Featured in THE NEW INDIAN EXPRESS

CHENNAI: A colourful comic depicts two cartoon women in the slum of a town, Priya and Meena, who are wondering why their kids have been falling sick lately. In enters a sanitation facilitator who asks them to supply samples of their drinking water stored at home. Upon testing, faecal coliform bacteria is discovered to the women’s horror who believed that their water was clean.

The facilitator then shows them how water can get re-contaminated at any point in its journey from the fetching and transporting to handling and storing, and finally, consuming it. When asked if they had remembered to wash their hands after open defecation in the fields, the women realise that they had not, and had gone to fetch water for their households immediately after. The facilitator steps in to highlight the now-evident connection between handwashing and water contamination. The women are eager to learn how they can keep their families disease-free and are taught how simple steps like boiling drinking water can treat the water.

The facilitator in the comic represents researchers from the Tamil Nadu Urban Sanitation Support Programme (TNUSSP) led by the Indian Institute for Human Settlements (IIHS), and their conversation with womenfolk depicts their community-led, participatory interventions.

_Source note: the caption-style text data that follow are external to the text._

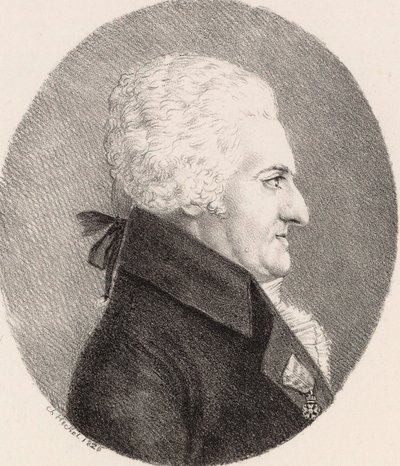 Portræt af komponisten Pierre-Alexandre Monsigny 1729-1817, 1826. af Johann Christoph Heckel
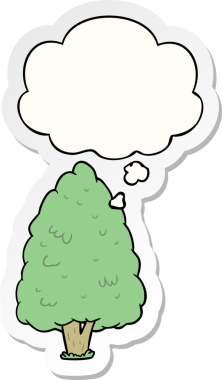 Düşünce baloncuğu insan tarafından çizilmiş bir çıkartma olan çizgi film uzun ağaç.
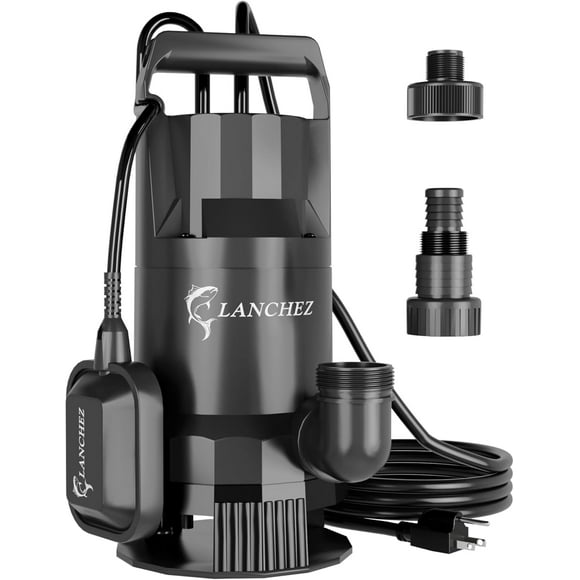 1.6 HP Sump Pump Submersible with Automatic Float Switch, 4858GPH Clean/Dirty Transfer Water Pump with 25FT Cord for Swimming Pool Garden Basement Tub Pond Draining
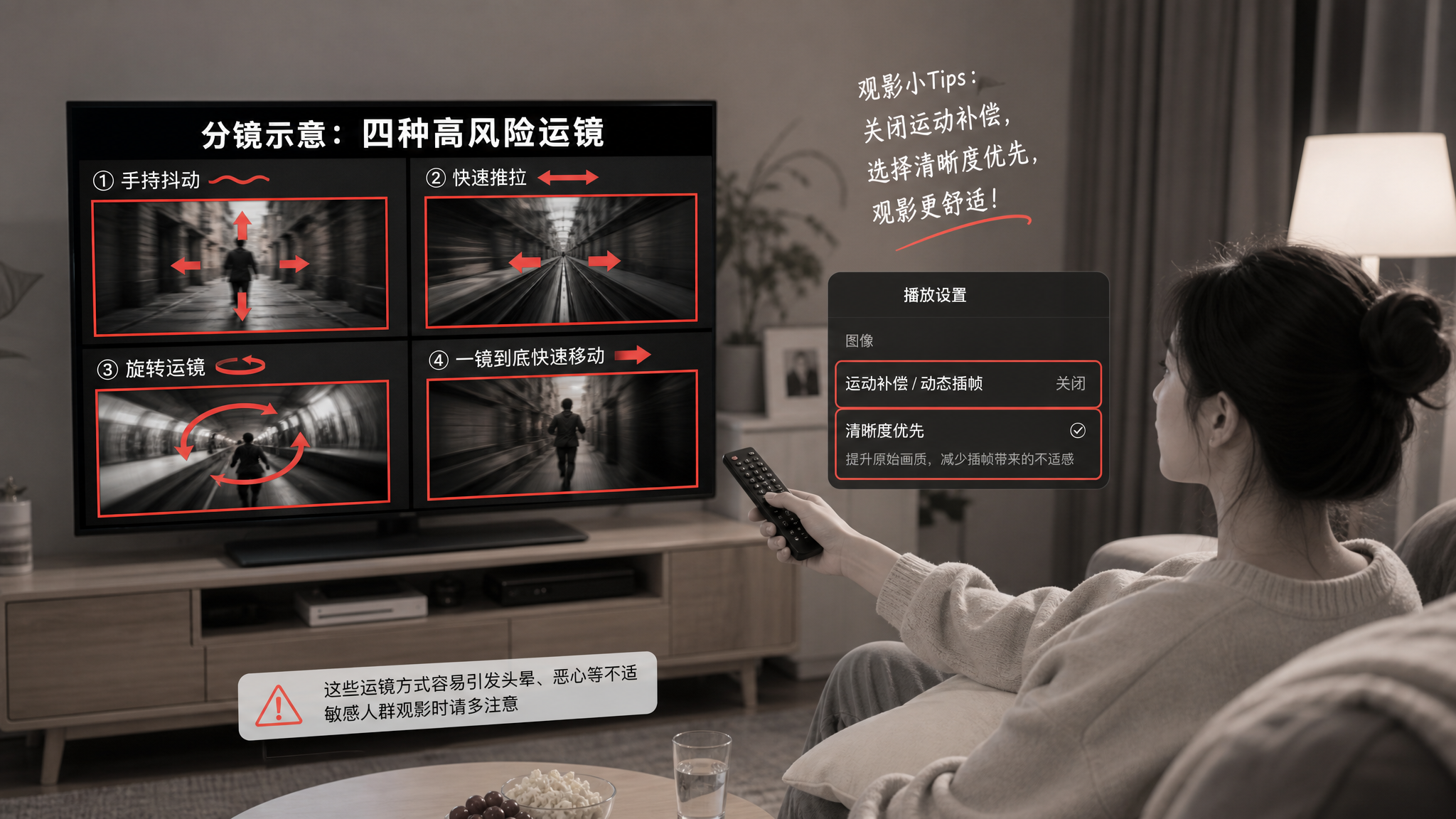 中国年轻女性在家中客厅沙发上追剧，手里拿着遥控器暂停画面，电视屏幕上以“分镜示意”形式展示四种高风险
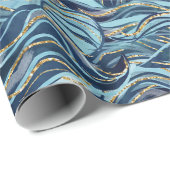 青エレガント波パターン(金ゴールドアクセント付) ラッピングペーパー (ロールコーナー)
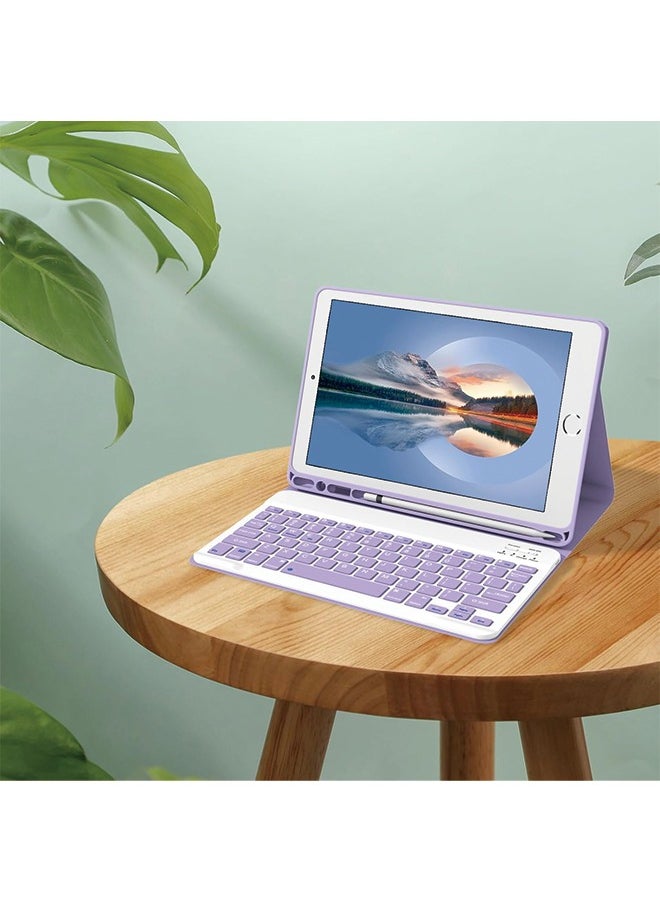 Keyboard Case for iPad 9th/8th/7th Generation 10.2 Inch [Magnetic Detachable Wireless Keyboard][Support 3 System] Flip Stand Case with Pencil Holder for iPad 10.2 2021/2020/2019, Purple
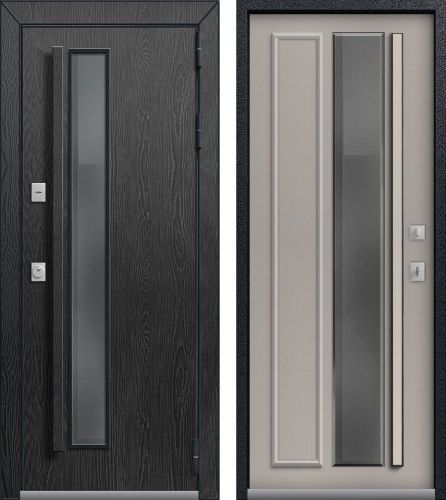 Центурион Т-5-2025 PREMIUM Чёрный муар+МДФ Распил графит-Софт ясень грей (цвет стекла Grey)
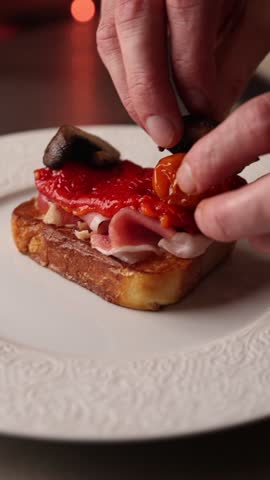 A delicious breakfast at a European restaurant. Close-up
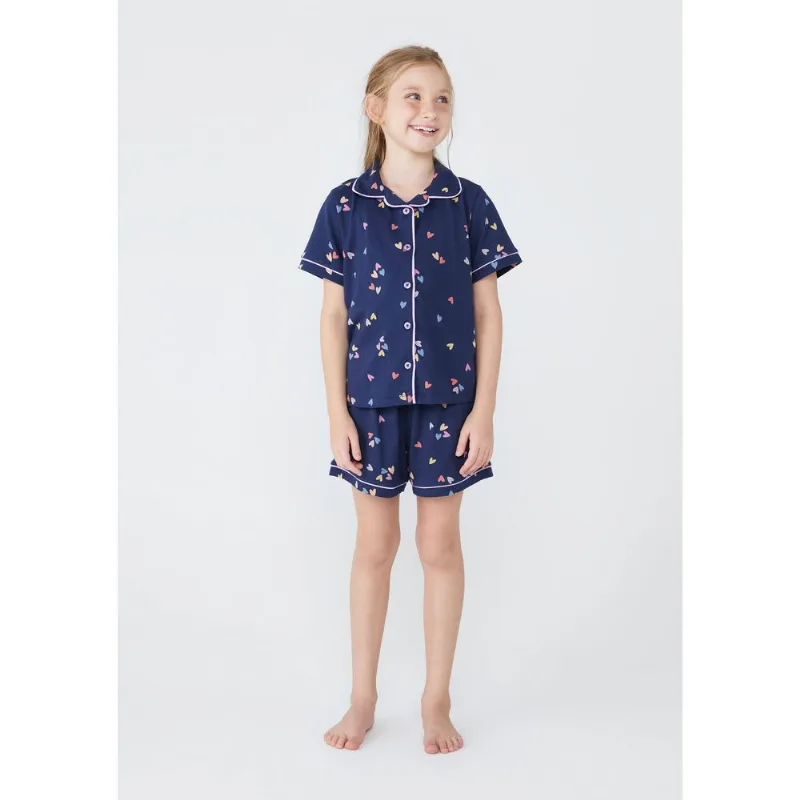 Pijama Infantil Menina Curto Estampado - Azul 002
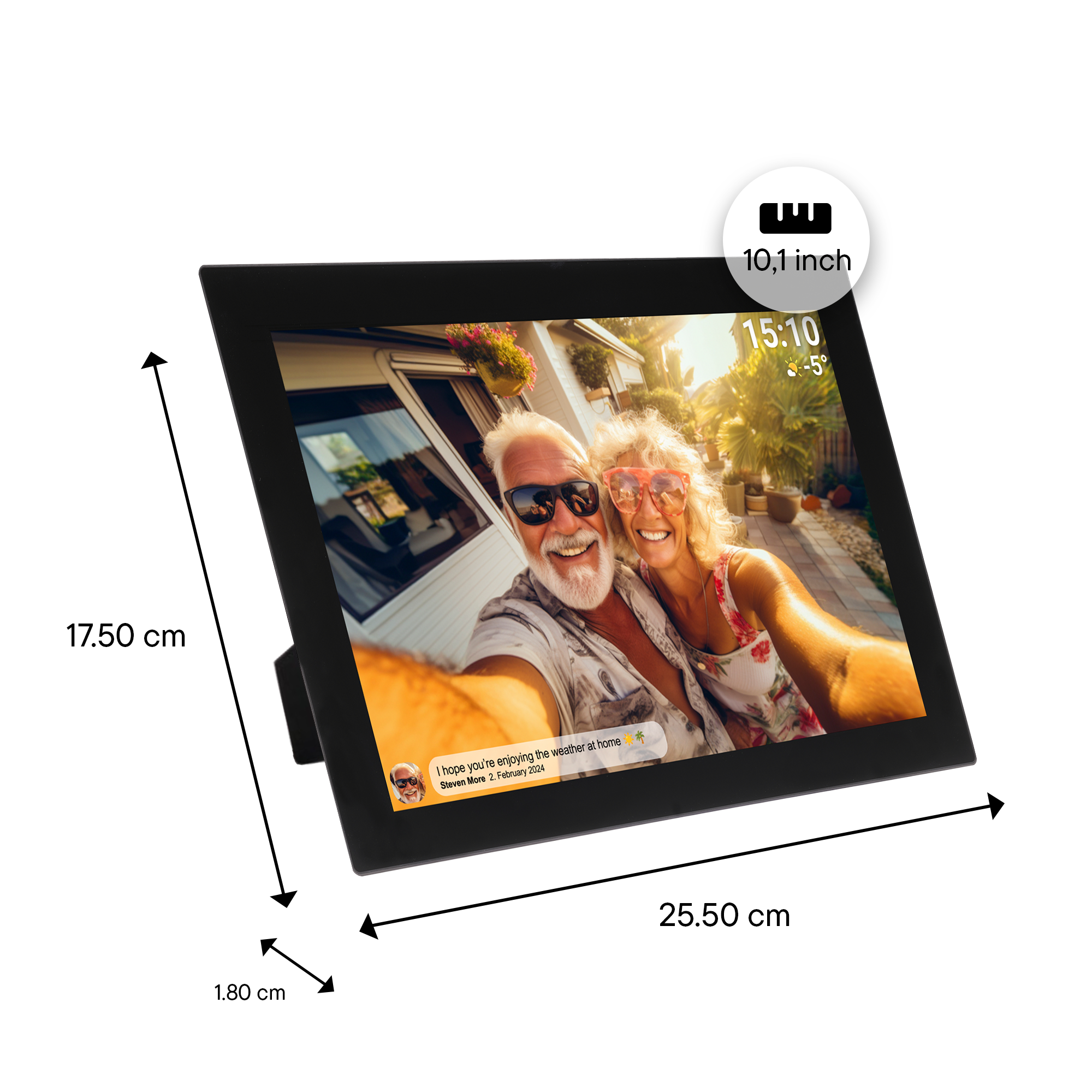 Cadre photo numérique avec selfie d'un couple. Dimensions : 17,5x25,5x1,8cm.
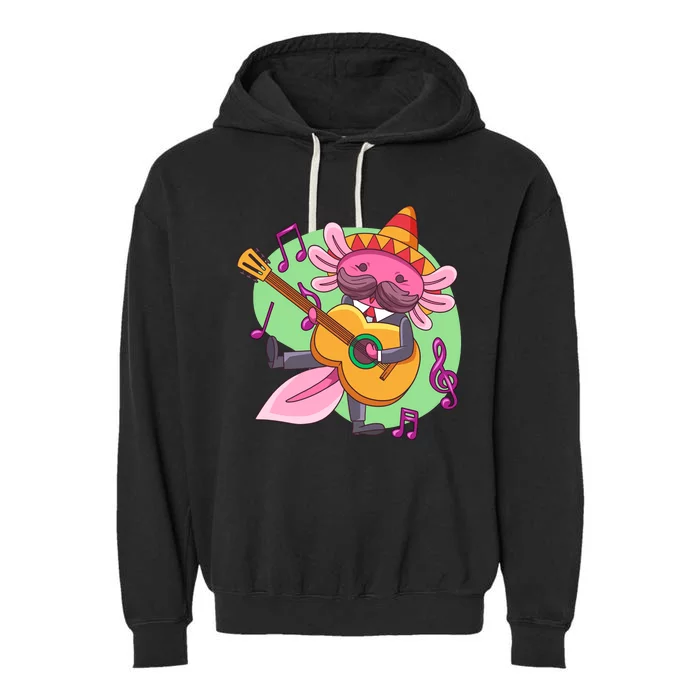 Axolotl Playing Guitar Garment-Dyed Fleece Hoodie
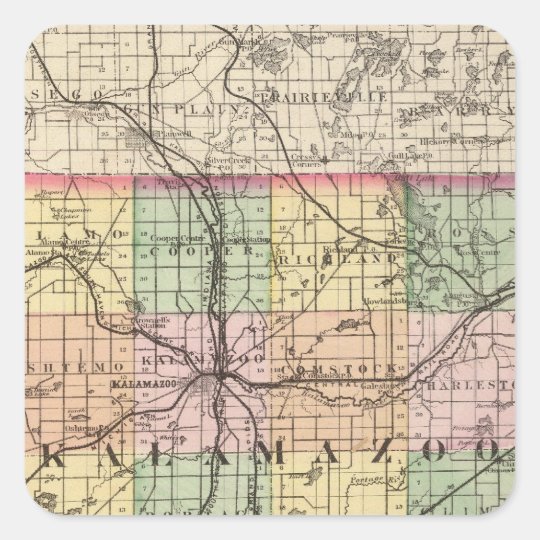 Map of Kalamazoo County, Michigan Square Sticker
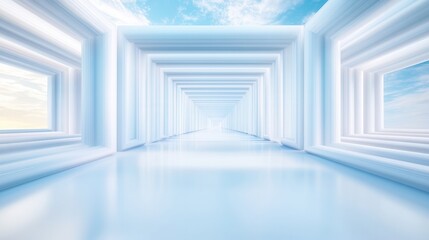 Obraz premium A serene, abstract space featuring white walls and bright skies, creating a calm and infinite perspective.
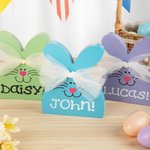 Personalized Multicolor Cute Fairy Yarn Bow Wooden Bunny Ornament with Name Table Decor Spring Symbol Easter Party Gift for Kids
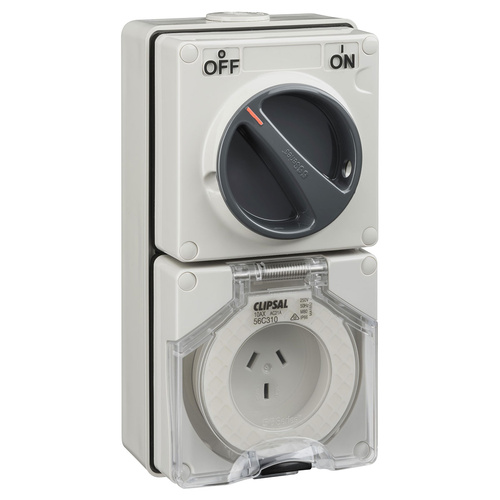 Clipsal 56 Series Flat 3 Pin 10A Switched Socket Heavy Duty Grey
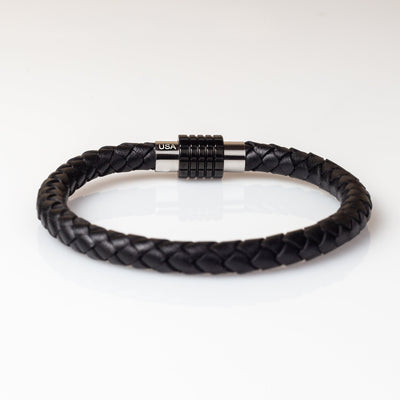 Luxury Men's Bracelet- Single Black with Black/Silver Clasp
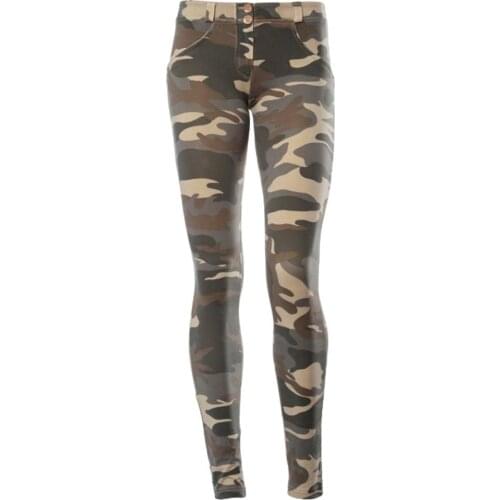 Chic Lady Camouflage Print Elastic Hip Lifting Leggings Trousers Pants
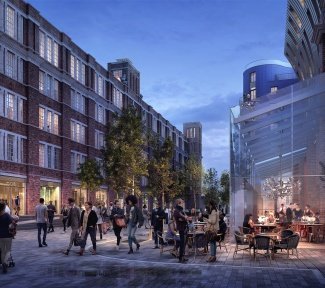 Public realm, home to brand new restaurants & fashion stores at Islington Square, computer generated image for illustrative purposes, ©Galliard Homes. Public realm, home to brand new restaurants & fashion stores at Islington Square, computer generated image for illustrative purposes, ©Galliard Homes.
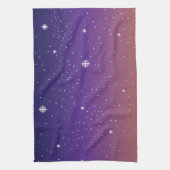 Paarse en gouden bruine hemel theedoek (Verticaal)
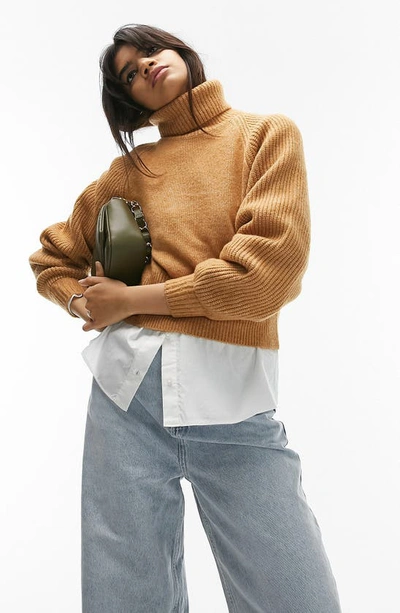 Topshop Rib Turtleneck Sweater In Neutral | ModeSens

The initiatives explained in the comics are led by WASH practitioner Niladri Chakraborti, who leads the City-Wide Inclusive Sanitation Program (CWIS) in Tiruchi.

The single-strip comic conveys the intended messaging with bright, realistic illustrations. It is accompanied by succinct text and graphics that spell out the field exercises and methodology employed to investigate a sanitation issue. Launched in 2015 to assist the Tamil Nadu government in achieving sustainable urban sanitation goals, the TNUSSP has now created a comic guide to disseminate water, sanitation, and hygiene (WASH) practices in schools and urban communities.

Art for awareness

IIHS’s Abhilaasha Nagarajan, who helped create the comics, says the aim is to make TNUSSP’s extensive research findings accessible to everyone involved in sanitation. To explain science-based concepts like water pathway and water recontamination, for instance, require not just data and terminology, but novel ways of communication. And that’s where this medium lent itself to their cause. Their emphasis was on powerful yet clear storytelling that could both captivate attention and retain interest, she says.

“When key messages related to urban sanitation such as faecal sludge management and WASH are conveyed through compelling and relatable characters in a story format, they are well received by audiences. A comic is an innovative and effective method for communities to narrate their stories and take them to a wider audience,” she adds. Upcoming comics will tackle menstrual health management, and hand washing practices at schools.

The comics also take into account the stakeholders who are directly involved in the sanitation process. In one strip, the TNUSSP team tells de-sludging operators of the hygiene and other health hazards they face — as well as how they, and their families, can avail free medical check-ups and counselling at camps set up by TNUSSP for sanitation workers, in collaboration with Karpagam Medical Trust. “Showing sanitation workers the comics about the free health camps is a new approach. When these health camps get scaled across Tamil Nadu, it will be useful to employ the comics then.”

Kindling curiosity for change

The comics, alongside other fun, accessible educational tools are being displayed at schools, community interactions, and at institutional exhibitions targeted at urban sector professionals, and through social media. “When the TNUSSP team took the comic characters we created to school WASH sessions, we found that kids could relate to the emotions displayed by these characters and also connect them to the issues they observed in their surroundings. For instance, after seeing the panel on safe water handling practices in our comic, we saw that children consciously preferred to wash their hands before fetching water and after visiting toilets,” notes Abhilasha.

Hand hygiene to prevent and contain disease outbreaks is top priority on the global development agenda in the wake of the pandemic. The calamity also underscored poor access to safe drinking water, a handwashing facility with soap and water, and toilets. At such a crucial time, these resources help bridge the chasm between knowledge, access, practice, and ultimately, behavioural change in society. What better way to empower people in social development than through art.

The TNUSSP comics can be accessed on tnussp.co.in

Creativity galore

The CWIS and the IIHS’ Media Lab teams are currently training local champions in city neighbourhoods to find and narrate audio-visual stories on WASH and the environment using their mobile phones. In another TNUSSP multimedia campaign titled ‘Kakkaman’ (which is on YouTube), actors dressed as faecal sludge matter sing about the hazards of not being disposed off properly.